*** Begin section ***
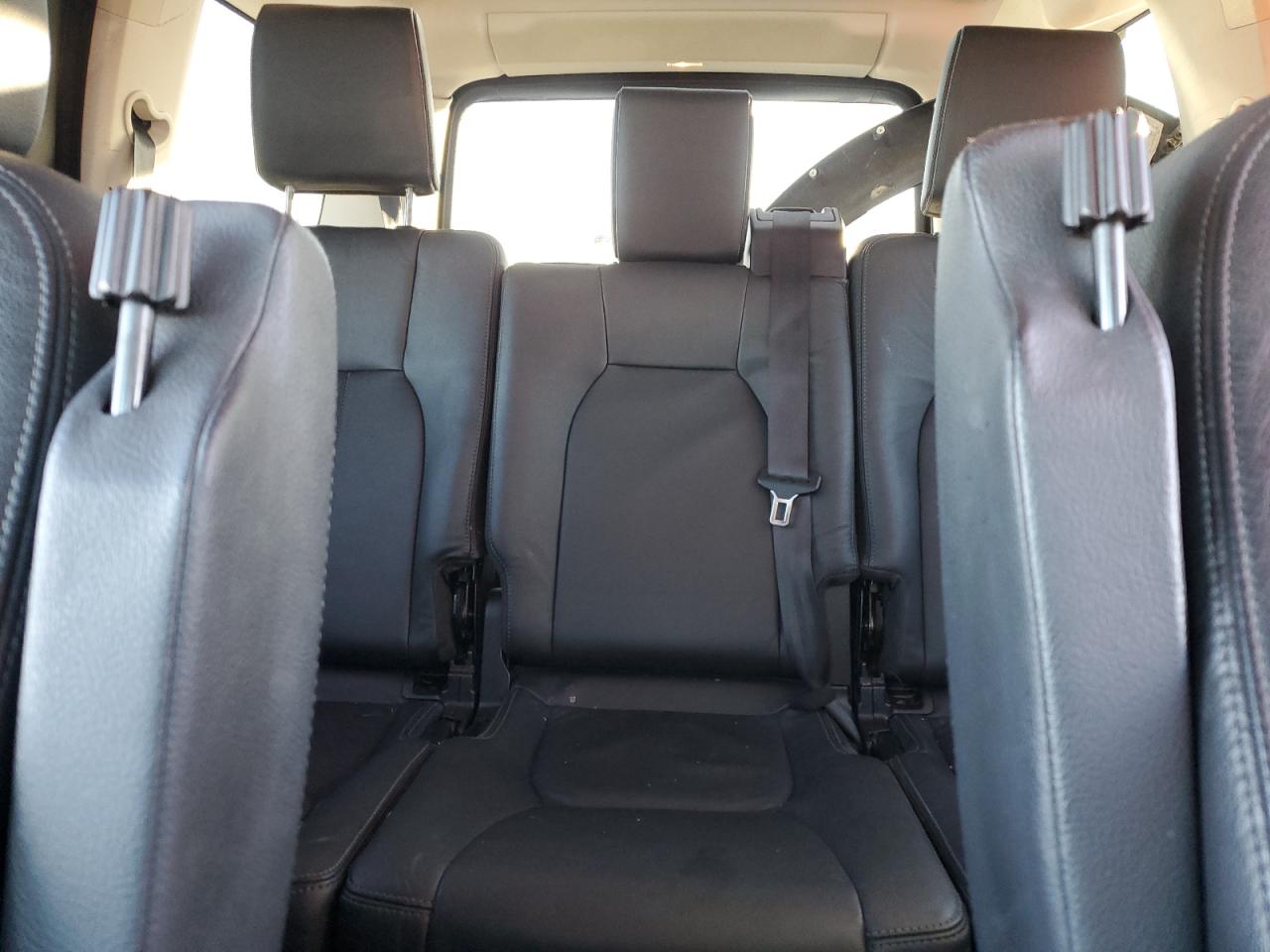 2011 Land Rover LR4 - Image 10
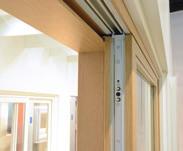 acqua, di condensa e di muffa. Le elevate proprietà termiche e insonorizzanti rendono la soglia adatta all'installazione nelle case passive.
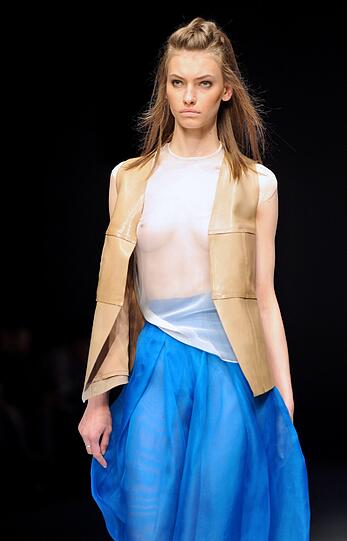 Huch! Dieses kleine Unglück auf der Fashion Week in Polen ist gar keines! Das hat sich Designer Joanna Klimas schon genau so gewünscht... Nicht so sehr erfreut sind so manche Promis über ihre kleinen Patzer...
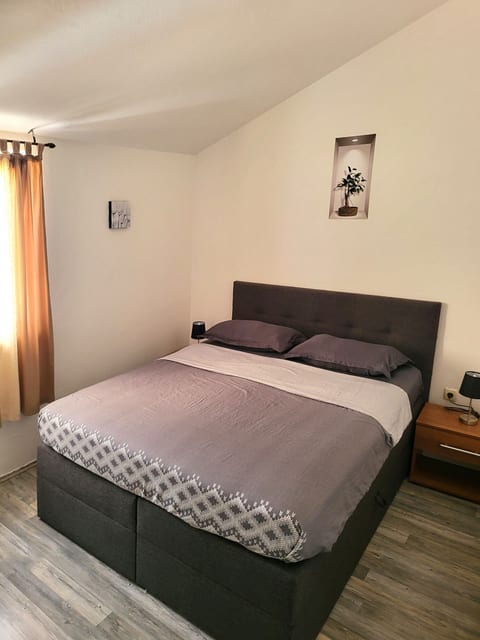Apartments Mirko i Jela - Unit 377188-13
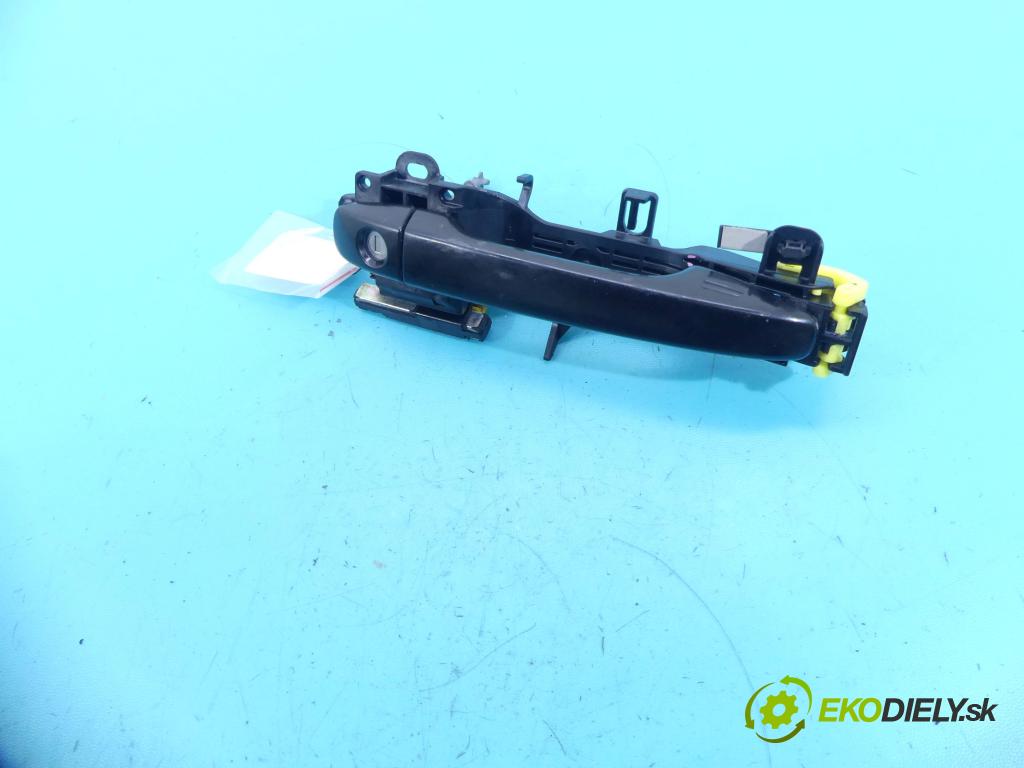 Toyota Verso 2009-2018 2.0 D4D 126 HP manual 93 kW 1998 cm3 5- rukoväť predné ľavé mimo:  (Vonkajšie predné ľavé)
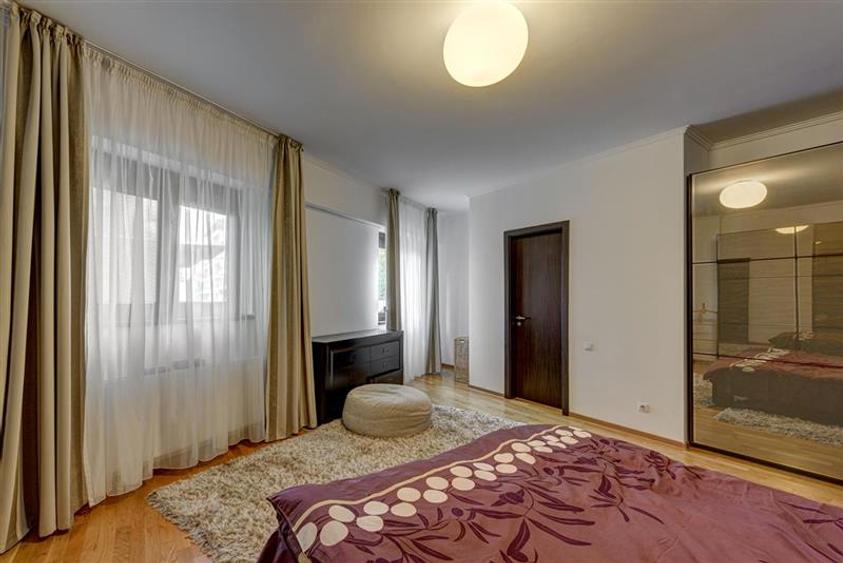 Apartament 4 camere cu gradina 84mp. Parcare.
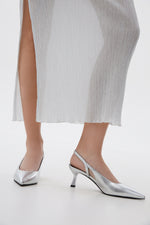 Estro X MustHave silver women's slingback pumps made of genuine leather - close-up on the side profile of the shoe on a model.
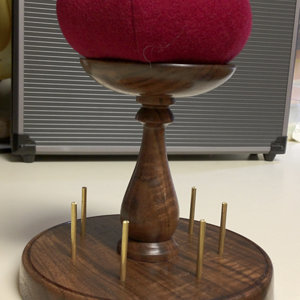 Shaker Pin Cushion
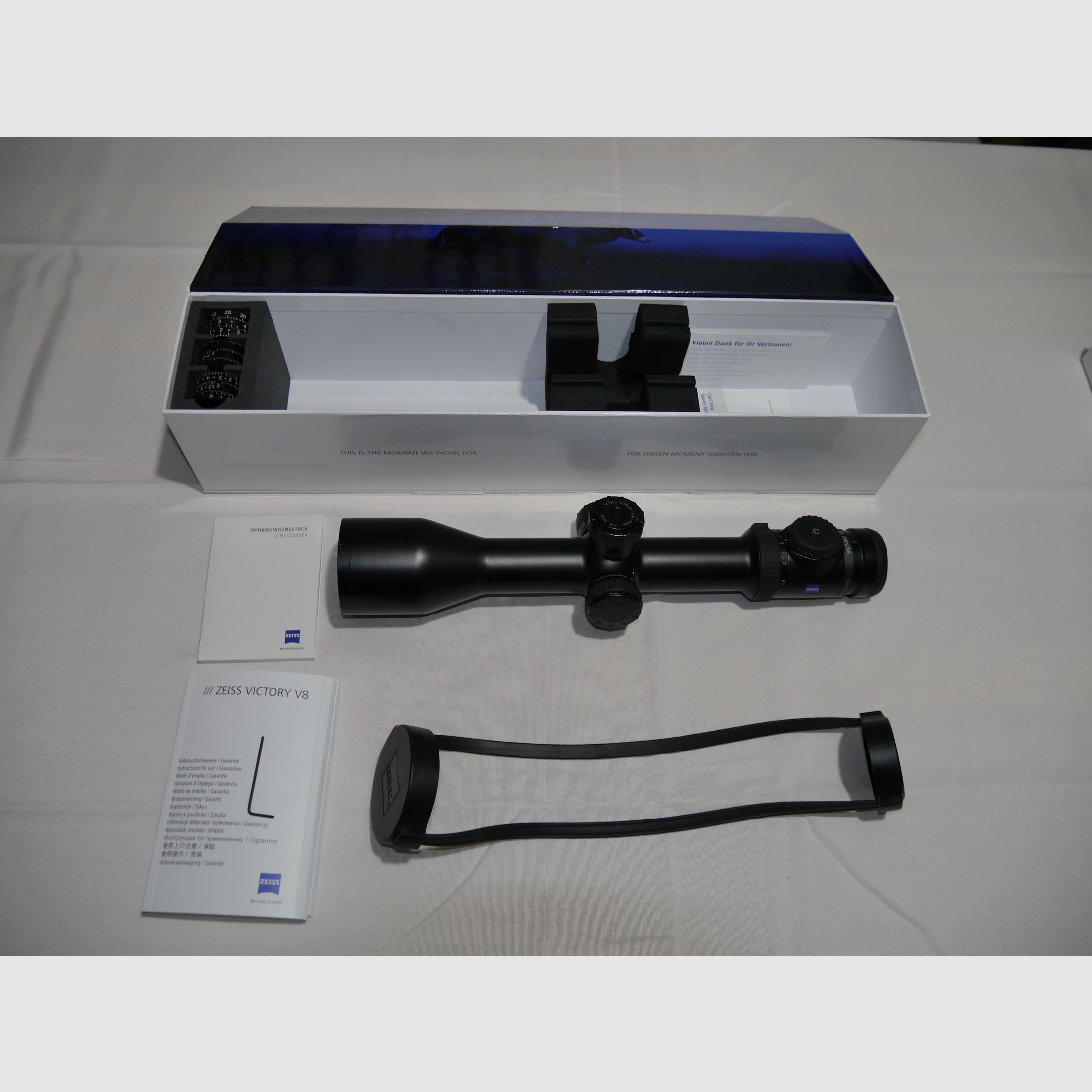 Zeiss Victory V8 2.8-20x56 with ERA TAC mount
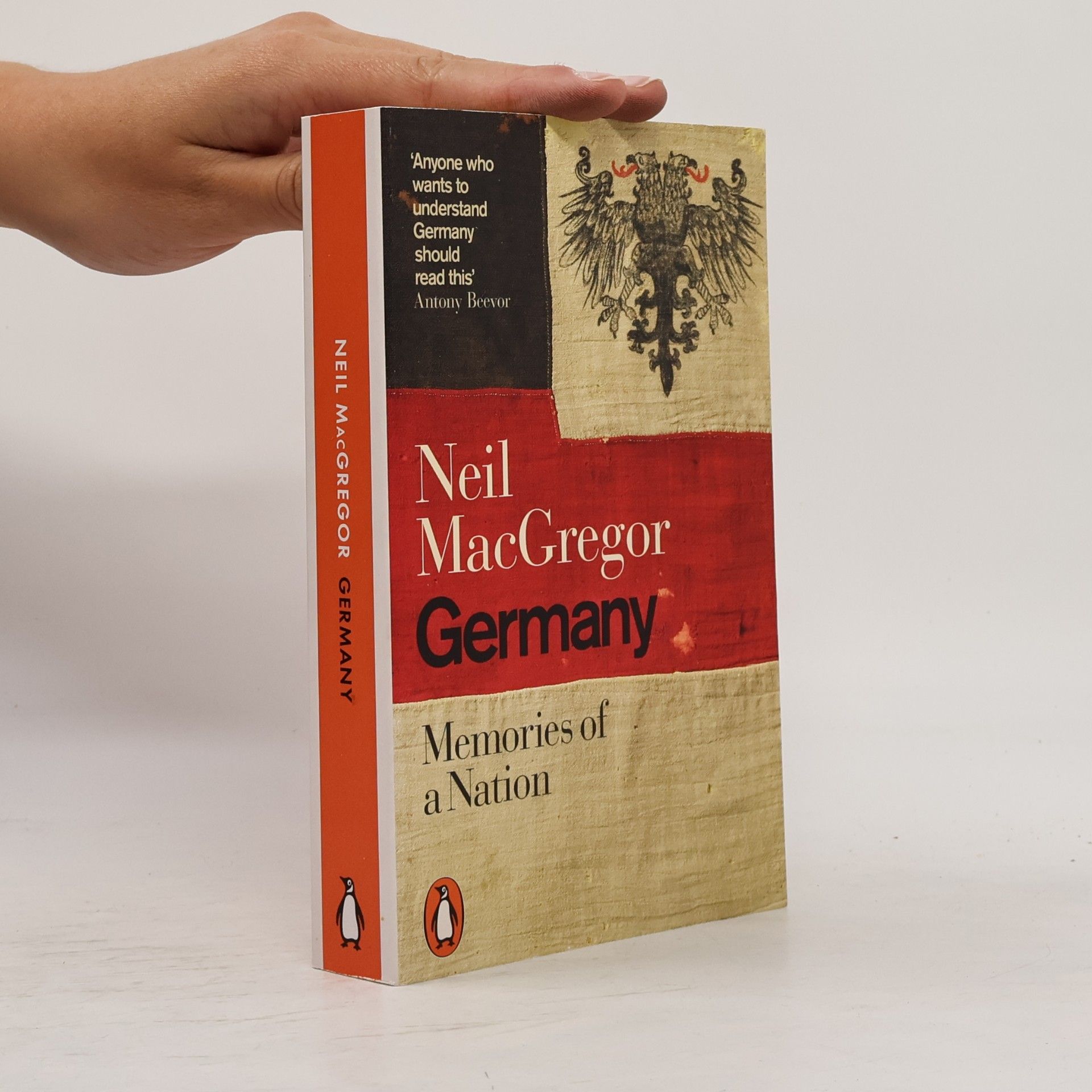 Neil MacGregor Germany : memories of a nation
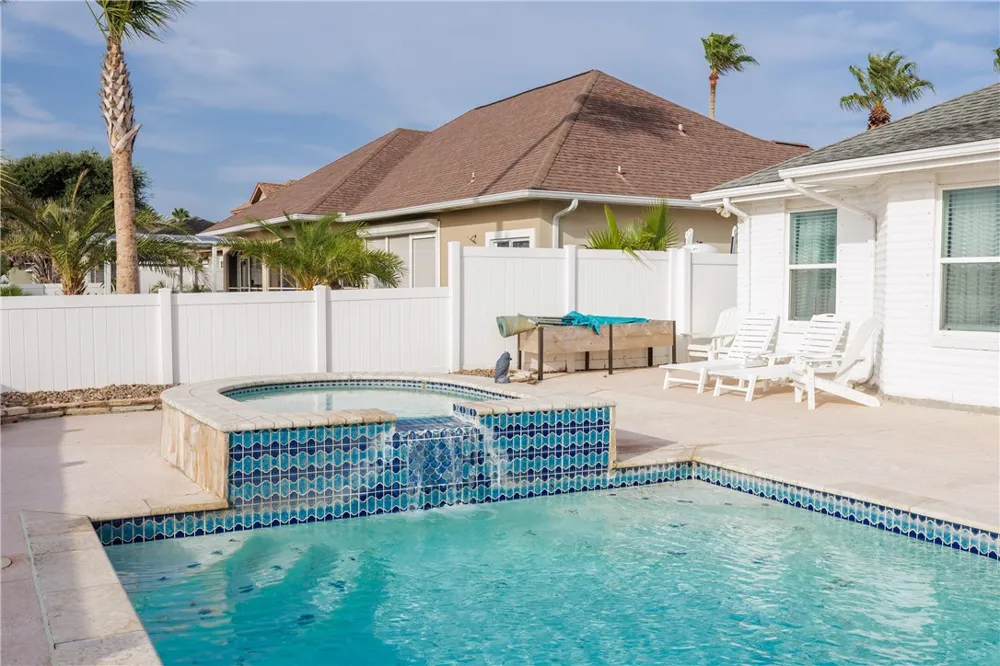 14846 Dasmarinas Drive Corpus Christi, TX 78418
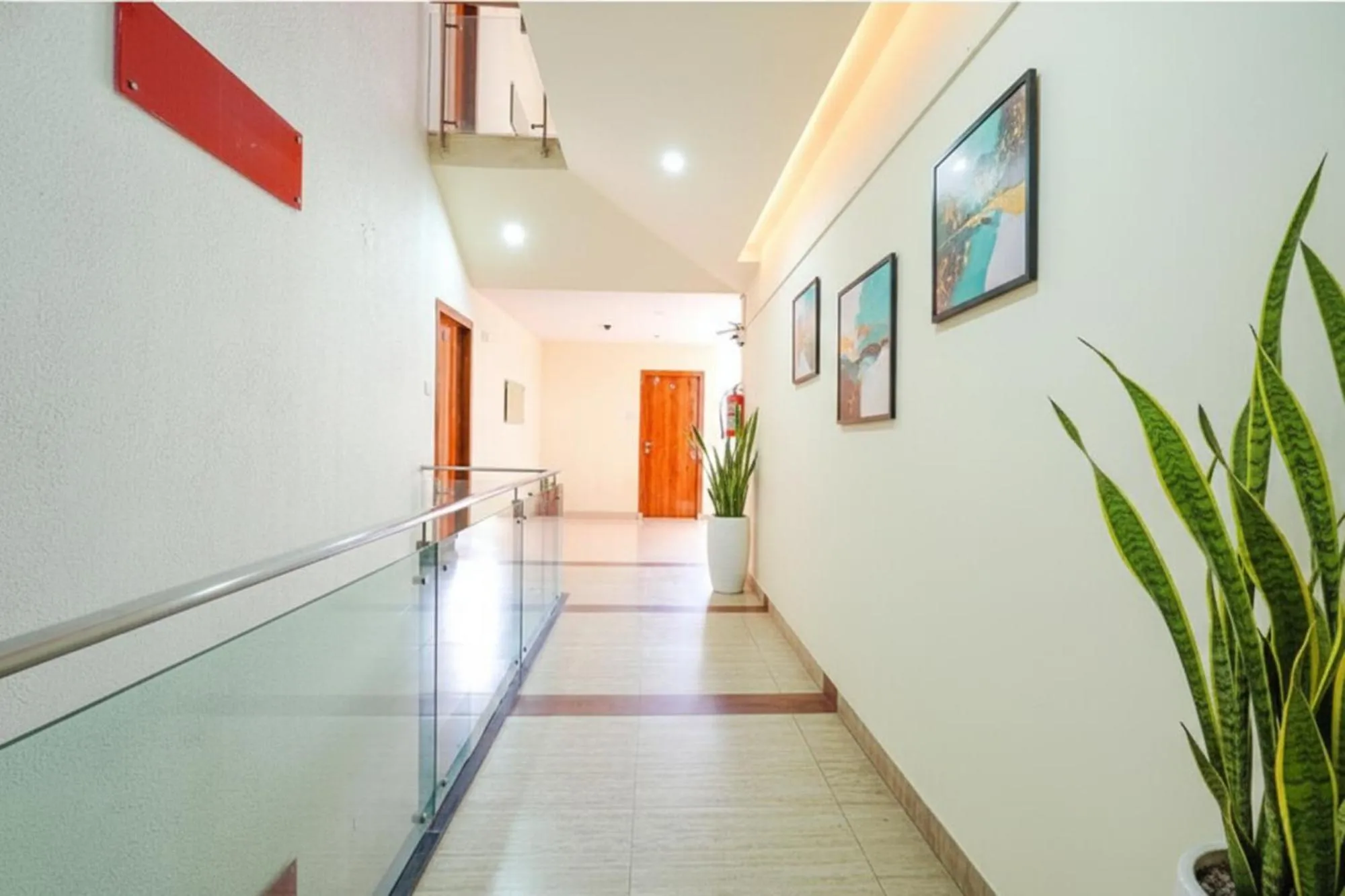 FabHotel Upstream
*** End section ***
Directions: Retype only the lines from the line with "Shaker Pin Cushion" through the last line of the data. Keep both ends and skip the pictures.

Result:
 Shaker Pin Cushion
 Zeiss Victory V8 2.8-20x56 with ERA TAC mount
 Neil MacGregor Germany : memories of a nation
 14846 Dasmarinas Drive Corpus Christi, TX 78418
 FabHotel Upstream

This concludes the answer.